■ **Supplied material**

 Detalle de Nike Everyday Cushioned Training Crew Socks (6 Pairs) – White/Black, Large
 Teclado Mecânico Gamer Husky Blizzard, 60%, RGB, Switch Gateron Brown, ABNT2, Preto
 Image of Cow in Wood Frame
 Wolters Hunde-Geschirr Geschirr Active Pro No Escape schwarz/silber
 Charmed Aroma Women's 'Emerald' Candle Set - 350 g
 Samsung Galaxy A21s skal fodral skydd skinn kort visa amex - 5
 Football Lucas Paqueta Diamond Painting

---

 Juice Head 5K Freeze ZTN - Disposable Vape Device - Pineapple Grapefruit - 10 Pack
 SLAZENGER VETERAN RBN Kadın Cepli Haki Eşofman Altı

...

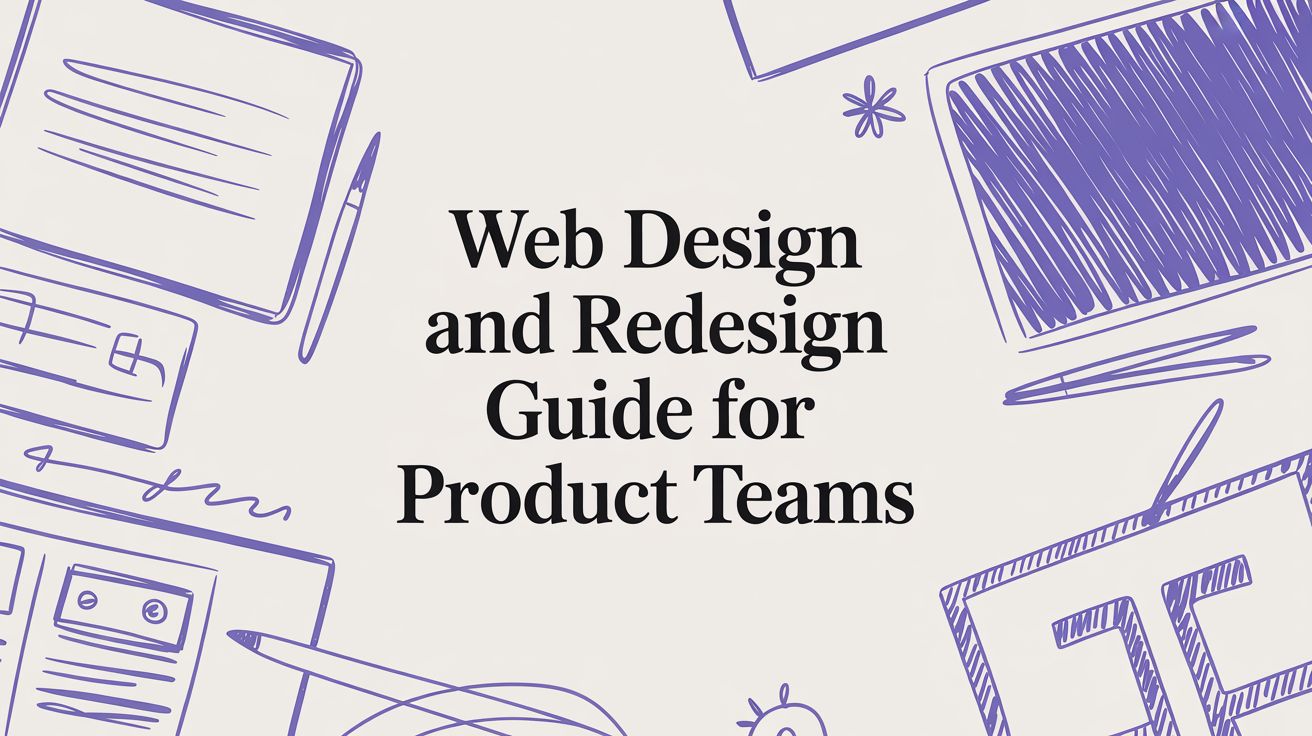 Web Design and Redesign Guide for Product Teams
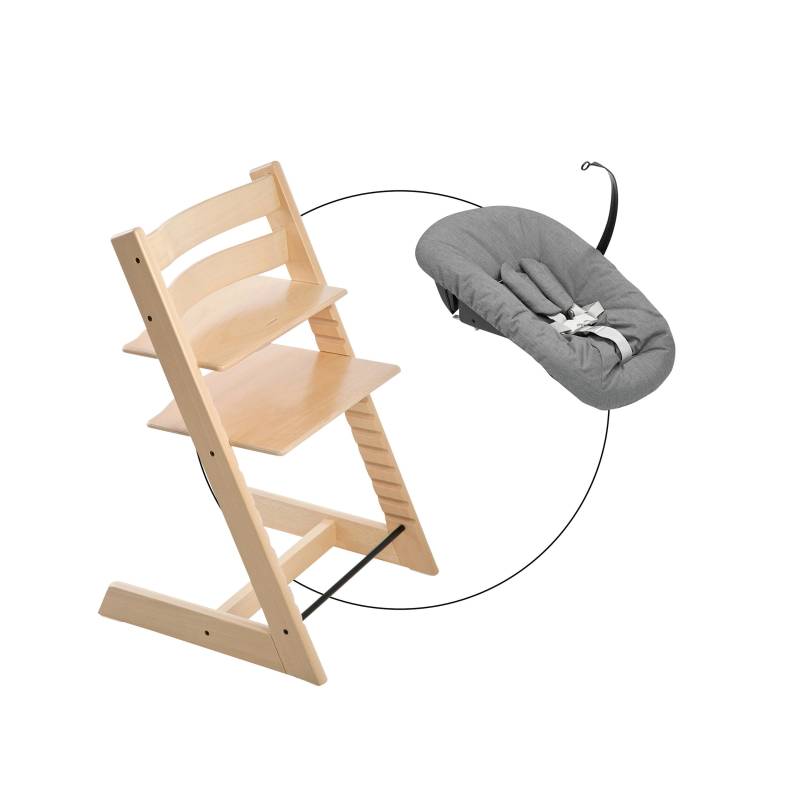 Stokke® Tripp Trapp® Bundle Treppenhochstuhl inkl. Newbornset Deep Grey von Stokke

■ **What to produce**
With the pictures removed from your copy, retype the lines above from the one that contains "Web Design and" through the one that contains "Stokke® Tripp Trapp®", exactly.

■ **Exercise solution**
 Web Design and Redesign Guide for Product Teams
 Stokke® Tripp Trapp® Bundle Treppenhochstuhl inkl. Newbornset Deep Grey von Stokke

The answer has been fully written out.